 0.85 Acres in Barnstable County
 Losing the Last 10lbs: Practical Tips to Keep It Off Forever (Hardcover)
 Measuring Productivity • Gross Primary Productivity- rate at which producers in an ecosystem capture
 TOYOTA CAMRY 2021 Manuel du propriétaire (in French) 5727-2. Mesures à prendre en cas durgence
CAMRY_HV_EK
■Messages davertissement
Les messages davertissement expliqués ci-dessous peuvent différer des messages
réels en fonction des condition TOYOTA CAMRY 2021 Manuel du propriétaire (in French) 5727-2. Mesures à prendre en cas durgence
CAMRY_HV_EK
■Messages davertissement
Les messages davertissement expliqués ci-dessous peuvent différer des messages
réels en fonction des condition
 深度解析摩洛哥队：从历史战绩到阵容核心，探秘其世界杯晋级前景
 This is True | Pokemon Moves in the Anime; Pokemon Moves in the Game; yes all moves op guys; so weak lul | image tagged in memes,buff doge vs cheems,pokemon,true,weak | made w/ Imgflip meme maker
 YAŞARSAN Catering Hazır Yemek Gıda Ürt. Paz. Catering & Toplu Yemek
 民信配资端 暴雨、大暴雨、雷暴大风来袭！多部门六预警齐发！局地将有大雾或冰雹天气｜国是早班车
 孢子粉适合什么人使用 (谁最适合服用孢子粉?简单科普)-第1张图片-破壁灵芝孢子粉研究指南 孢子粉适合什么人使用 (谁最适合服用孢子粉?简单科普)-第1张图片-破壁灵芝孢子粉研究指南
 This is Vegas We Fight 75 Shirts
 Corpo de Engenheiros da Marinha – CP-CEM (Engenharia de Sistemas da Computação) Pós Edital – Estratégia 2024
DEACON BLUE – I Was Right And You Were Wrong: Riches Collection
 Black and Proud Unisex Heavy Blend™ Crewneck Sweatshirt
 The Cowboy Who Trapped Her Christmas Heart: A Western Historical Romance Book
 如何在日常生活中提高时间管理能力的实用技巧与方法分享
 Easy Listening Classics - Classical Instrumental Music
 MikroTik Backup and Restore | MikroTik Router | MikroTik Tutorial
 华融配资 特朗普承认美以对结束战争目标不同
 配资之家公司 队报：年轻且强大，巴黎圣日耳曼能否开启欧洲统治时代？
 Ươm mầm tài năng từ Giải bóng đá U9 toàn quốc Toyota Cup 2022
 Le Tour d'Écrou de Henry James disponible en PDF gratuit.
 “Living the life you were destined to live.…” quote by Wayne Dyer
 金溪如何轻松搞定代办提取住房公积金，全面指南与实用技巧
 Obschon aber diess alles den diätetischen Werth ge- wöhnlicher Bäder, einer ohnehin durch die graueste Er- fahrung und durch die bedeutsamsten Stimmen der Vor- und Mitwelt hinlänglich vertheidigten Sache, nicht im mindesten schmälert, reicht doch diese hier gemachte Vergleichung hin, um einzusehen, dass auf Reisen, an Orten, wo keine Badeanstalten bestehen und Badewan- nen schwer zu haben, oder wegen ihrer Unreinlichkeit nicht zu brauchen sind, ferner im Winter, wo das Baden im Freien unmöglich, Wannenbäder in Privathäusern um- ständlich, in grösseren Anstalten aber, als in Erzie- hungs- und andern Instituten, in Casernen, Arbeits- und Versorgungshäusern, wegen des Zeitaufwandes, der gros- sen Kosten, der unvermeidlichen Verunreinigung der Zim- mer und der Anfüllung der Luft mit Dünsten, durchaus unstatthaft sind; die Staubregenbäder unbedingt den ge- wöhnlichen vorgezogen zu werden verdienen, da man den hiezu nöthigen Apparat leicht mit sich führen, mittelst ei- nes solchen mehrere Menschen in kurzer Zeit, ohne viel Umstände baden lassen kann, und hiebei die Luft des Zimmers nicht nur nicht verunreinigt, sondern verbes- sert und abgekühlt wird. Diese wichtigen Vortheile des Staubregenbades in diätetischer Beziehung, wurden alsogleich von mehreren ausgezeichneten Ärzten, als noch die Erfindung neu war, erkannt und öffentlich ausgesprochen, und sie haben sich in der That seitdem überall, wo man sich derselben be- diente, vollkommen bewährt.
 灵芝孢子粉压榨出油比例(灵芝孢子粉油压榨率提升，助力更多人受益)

_ _ _

Output the entries above word for word.

 0.85 Acres in Barnstable County
 Losing the Last 10lbs: Practical Tips to Keep It Off Forever (Hardcover)
 Measuring Productivity • Gross Primary Productivity- rate at which producers in an ecosystem capture
 TOYOTA CAMRY 2021 Manuel du propriétaire (in French) 5727-2. Mesures à prendre en cas durgence
CAMRY_HV_EK
■Messages davertissement
Les messages davertissement expliqués ci-dessous peuvent différer des messages
réels en fonction des condition TOYOTA CAMRY 2021 Manuel du propriétaire (in French) 5727-2. Mesures à prendre en cas durgence
CAMRY_HV_EK
■Messages davertissement
Les messages davertissement expliqués ci-dessous peuvent différer des messages
réels en fonction des condition
 深度解析摩洛哥队：从历史战绩到阵容核心，探秘其世界杯晋级前景
 This is True | Pokemon Moves in the Anime; Pokemon Moves in the Game; yes all moves op guys; so weak lul | image tagged in memes,buff doge vs cheems,pokemon,true,weak | made w/ Imgflip meme maker
 YAŞARSAN Catering Hazır Yemek Gıda Ürt. Paz. Catering & Toplu Yemek
 民信配资端 暴雨、大暴雨、雷暴大风来袭！多部门六预警齐发！局地将有大雾或冰雹天气｜国是早班车
 孢子粉适合什么人使用 (谁最适合服用孢子粉?简单科普)-第1张图片-破壁灵芝孢子粉研究指南 孢子粉适合什么人使用 (谁最适合服用孢子粉?简单科普)-第1张图片-破壁灵芝孢子粉研究指南
 This is Vegas We Fight 75 Shirts
 Corpo de Engenheiros da Marinha – CP-CEM (Engenharia de Sistemas da Computação) Pós Edital – Estratégia 2024
DEACON BLUE – I Was Right And You Were Wrong: Riches Collection
 Black and Proud Unisex Heavy Blend™ Crewneck Sweatshirt
 The Cowboy Who Trapped Her Christmas Heart: A Western Historical Romance Book
 如何在日常生活中提高时间管理能力的实用技巧与方法分享
 Easy Listening Classics - Classical Instrumental Music
 MikroTik Backup and Restore | MikroTik Router | MikroTik Tutorial
 华融配资 特朗普承认美以对结束战争目标不同
 配资之家公司 队报：年轻且强大，巴黎圣日耳曼能否开启欧洲统治时代？
 Ươm mầm tài năng từ Giải bóng đá U9 toàn quốc Toyota Cup 2022
 Le Tour d'Écrou de Henry James disponible en PDF gratuit.
 “Living the life you were destined to live.…” quote by Wayne Dyer
 金溪如何轻松搞定代办提取住房公积金，全面指南与实用技巧
 Obschon aber diess alles den diätetischen Werth ge- wöhnlicher Bäder, einer ohnehin durch die graueste Er- fahrung und durch die bedeutsamsten Stimmen der Vor- und Mitwelt hinlänglich vertheidigten Sache, nicht im mindesten schmälert, reicht doch diese hier gemachte Vergleichung hin, um einzusehen, dass auf Reisen, an Orten, wo keine Badeanstalten bestehen und Badewan- nen schwer zu haben, oder wegen ihrer Unreinlichkeit nicht zu brauchen sind, ferner im Winter, wo das Baden im Freien unmöglich, Wannenbäder in Privathäusern um- ständlich, in grösseren Anstalten aber, als in Erzie- hungs- und andern Instituten, in Casernen, Arbeits- und Versorgungshäusern, wegen des Zeitaufwandes, der gros- sen Kosten, der unvermeidlichen Verunreinigung der Zim- mer und der Anfüllung der Luft mit Dünsten, durchaus unstatthaft sind; die Staubregenbäder unbedingt den ge- wöhnlichen vorgezogen zu werden verdienen, da man den hiezu nöthigen Apparat leicht mit sich führen, mittelst ei- nes solchen mehrere Menschen in kurzer Zeit, ohne viel Umstände baden lassen kann, und hiebei die Luft des Zimmers nicht nur nicht verunreinigt, sondern verbes- sert und abgekühlt wird. Diese wichtigen Vortheile des Staubregenbades in diätetischer Beziehung, wurden alsogleich von mehreren ausgezeichneten Ärzten, als noch die Erfindung neu war, erkannt und öffentlich ausgesprochen, und sie haben sich in der That seitdem überall, wo man sich derselben be- diente, vollkommen bewährt.
 灵芝孢子粉压榨出油比例(灵芝孢子粉油压榨率提升，助力更多人受益)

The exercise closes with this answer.